Columns Saugatuck/Douglas Commercial Record

Blue Star

By Scott Sullivan
Editor
Gone
President Trump and Elon Musk’s Department of Government Efficiency (DOGE) should heed Saugatuck, which formed a board that never met.
The city 15 years ago appointed a Saugatuck Harbor Natural Area Management Board charged with overseeing the then newly-acquired 173 acres north from Oval Beach to the Kalamazoo River mouth.
What a gig. Pad your résumé on a board that, blessedly, never met while giving claim to environmental stewardship.
“While a management board was initially created around 2010,” city manager Ryan Cummins told council Feb. 19, “it ceased to exist around the same time.”
Talk about efficient. While the tri-communities’ Kalamazoo Lake Harbor Authority persisted, no one even wasted time on the Harbor Natural Area board.

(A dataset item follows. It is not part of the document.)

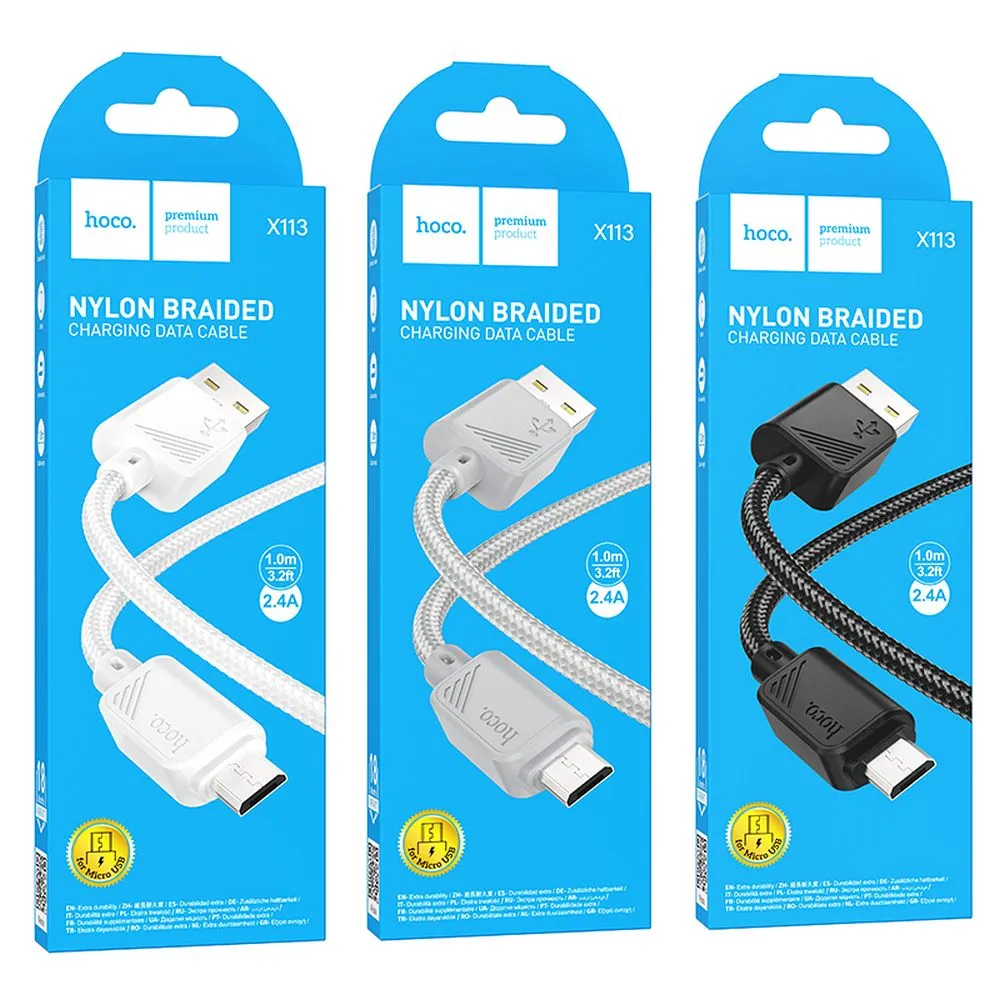 Cable USB A to Micro USB Hoco 2,4A 1 m X113 black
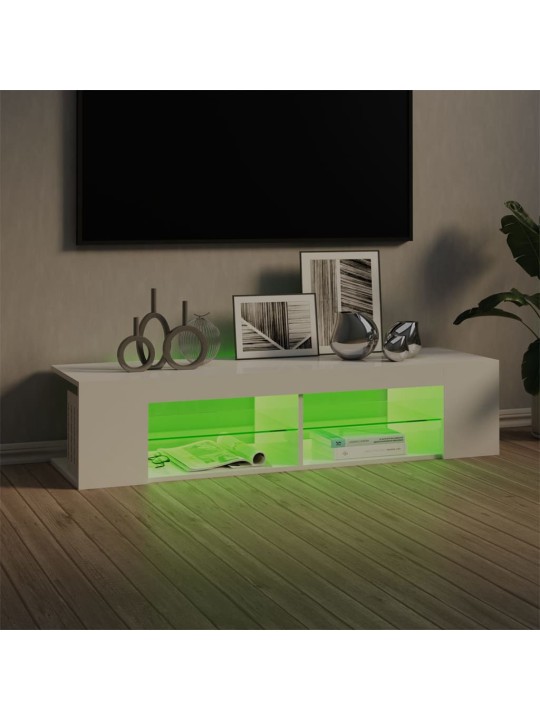 Tv plaukts ar led lampiņām, 135x39x30 cm, spīdīgi balts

Reason Cummins brings it up now is money. In 2012, with donor funds left from acquiring the parcel, the Land Conservancy of West Michigan created an endowment with the Holland/Zeeland Area Community Foundation to support conservation on it.
That $450,000 principle has matured into $821,821.35, with $225,338 worth of interest now available. But to access it, the SHNA’s original management plan must be updated and presented to the foundation every five years. That’s not happened once.
Where there’s a will there’s a go-around. Cummins asked council Monday to pass an updated plan that ends the need for a separate management board and other 2010 rules that may now be cumbersome. Think of the federal programs DOGE could dodge discovering they just paid lip service to an ideal too.
“Liberal institutions,” said philosopher Friedrich Nietzsche, “cease to be liberal as soon as they are attained” — i.e., we all want to save nature, the harbor and our skins, but institutions we impose to achieve them get in the way.
If Saugatuck hasn’t needed the SHNA windfall till now, why not just let it keep accruing? Then again, with $235,238 now available, why not update the plan, get the money, run?
The City’s new parks and public works committee and Land Conservancy are in on the ask and will assume the old board’s non-duties. “Collaboration” can be key for those who decide where the money goes.
One of the fun things about the city acquiring the former south Denison-McClendon land om 2009 “for the public” was that as soon as the deal was done, “Stay off the Dunes” signs rose to protect the dunes from the public.
Uses for the largesse could include fighting invasive species like Japanese barberry, black locust, phragmites and humans wandering off designated trails and onto the private Deam property.
The $235K might also be used to add signage and monitor for deer overpopulation. Never mind native Bambis got here first. Why not save more and let nature take its course?
So the board died at birth. Should DOGE want to uproot the Harbor Authority now, Musk should know:
1) It isn’t a federal program; and
2) With lake levels once more dropping, the KLHA could become relevant again.
Some may recall the authority was formed on the heels of record-low water levels that threatened harbor navigation — and to placate now-late Tower Marine owner R.J. Peterson, not necessarily in that order.
Dick Waskin, the KLHA’s current vice-chair, told council Monday its members want to update their plans to take action should the harbor, “our economic lifeblood” once more be threatened.
Seek federal grants towards that end? Here’s were DOGE comes in. Trump and Musk can deny or dispense favors either way in the name of “efficiency,” paying back donors/non-donors at the same time, Think Dems, in their shoes,wouuldn’t do the same
“Get rid of it all!” played to libertarians Nov. 5 and still does. “I’m mad as hell and I’m not going to take it anymore!” cried a newscaster in the film “Network.” So what’s “it”?